The difficulty I see in this thread (and much prior to this thread) is that instead of contending with a single approach to bibliographic description couched in the implementation language of the time (book, card, and MARC catalog technology) we now see two approaches where workers are trying to do theory in implementation (or at least IT-centric ) languages.
Not all of the issues associated with Cultural Heritage resource description fall with the scope of IT-centric descriptive languages.
Early 20th century approaches to scientific description (observers, observations, reference frames, etc.) and for representing systems of relationships (graph, node/vertex, link/edge, subgraph, degree centrality, etc.) together (along with conceptual contributions from the social sciences) provide more than enough – implementable – descriptive power to address library/archive-grade resource description requirements.
You have to apply the two approaches simultaneously.
Let me add a few points to that:
* We need to take into consideration the viewpoints of people who are experienced in both sides of the current effort (bibliographic description and linked data), and there are very few people with a great deal of expertise in both.

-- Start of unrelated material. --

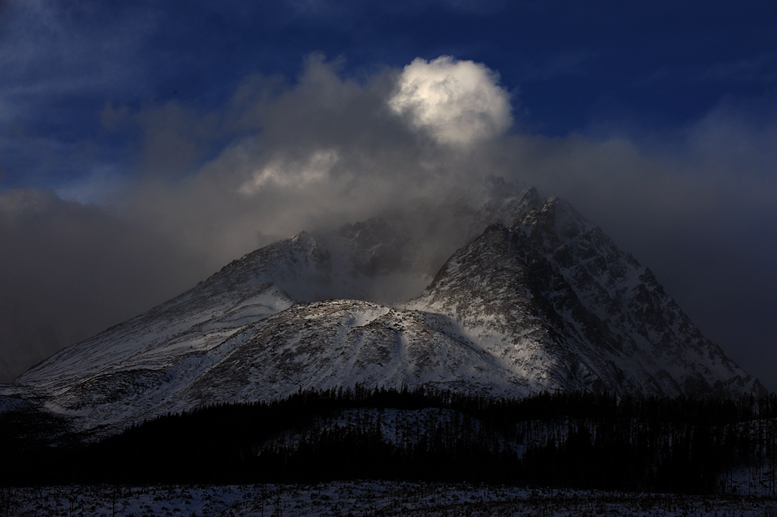 Gáti György Felhõ a Gerlach fölött - Clouds above the Gerlach - Tatra Gáti György Felhõ a Gerlach fölött - Clouds above the Gerlach - Tatra - Slovakia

* Actually, in my view, having people engaging with the effort that do NOT know MARC is an advantage, not a disadvantage. There are a huge number of peculiarities introduced over the years that should be reconsidered by fresh eyes, rather than perpetuated without cause.
* There's more future than there is past. MARC has existed for a long time, and there's a lot of legacy there. But there's even more bibliographic descriptions that have yet to be written. The longer we remain tied to this horribly outdated technology, the more legacy data we will need to deal with and the further apart from the rest of the world (that is part of the web, not just displayed via the web) we become.